Our current faith and doctrine crisis regarding the matter of blessing or not blessing same-sex unions or same-sex marriage is very similar in theological-cultural-doctrinal nature to the faith and doctrine crisis which confronted the early church regarding circumcision. They are similar in the following ways:
As circumcision was a salvation issue, so too the current crisis of blessing same sex unions is a theological matter that pertains to the Christian doctrine of salvation, and the Christian sexual ethics and pastoral implications that derive from that doctrine.
As circumcision was a cultural issue, so too the same sex blessing issue is cultural in nature since it pertains to human social behavior in the context of sexual practices which have varied from one to another culture, context, historical period and civilization.
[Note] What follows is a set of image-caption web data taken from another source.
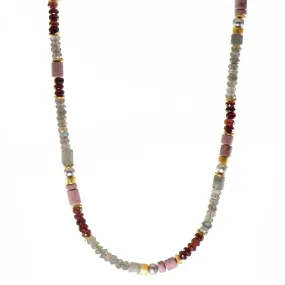 5mm Labradorite, Garnet, Rhodonite & Grey Pearl 24K Gold Vermeil Necklace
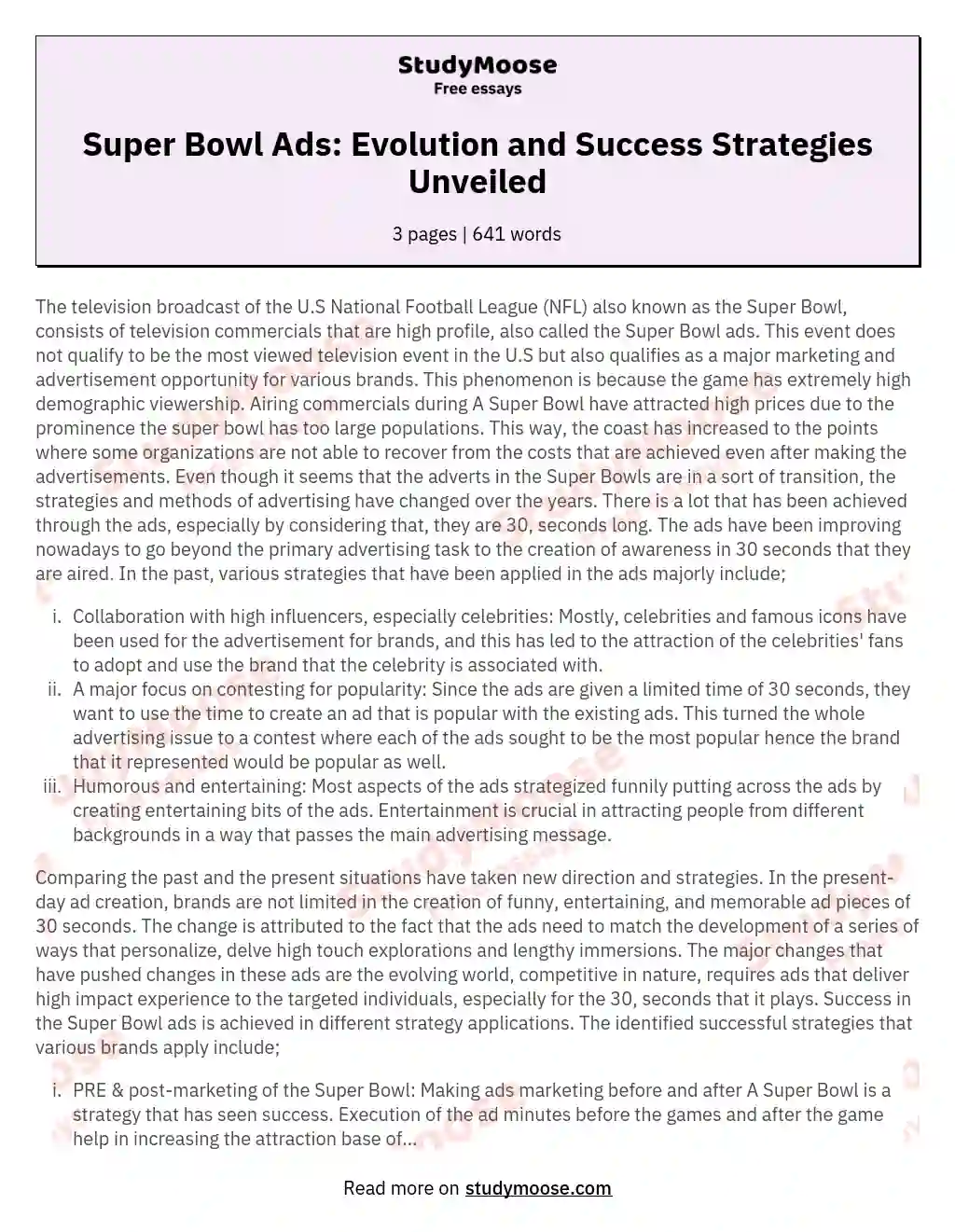Super Bowl Ads: Evolution and Success Strategies Unveiled essay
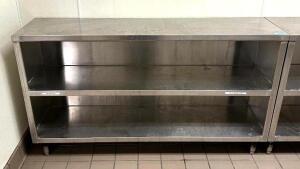 DESCRIPTION: 5' STAINLESS STEEL WORK TABLE WITH STAINLESS SHELVING STORAGE SIZE: 60"X15"X35" LOCATION: KITCHEN QTY: 1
As circumcision was a doctrinal issue, so too the question of blessing same-sex unions is a matter that raises questions about doctrine and faith, whether core or peripheral (adiaphoral) doctrine; essential or non-essential doctrine.
On this basis, therefore, I argued in my 2005 work, that regarding same-sex unions, we need to ask a set of discernment questions similar to what the Jerusalem Council asked in dealing with the circumcision issue in relation to the doctrine of salvation.
§ How is God working among members of the homosexual (gay, lesbian, bisexual, two spirited, transsexual, trans-gendered or transvestite) community today?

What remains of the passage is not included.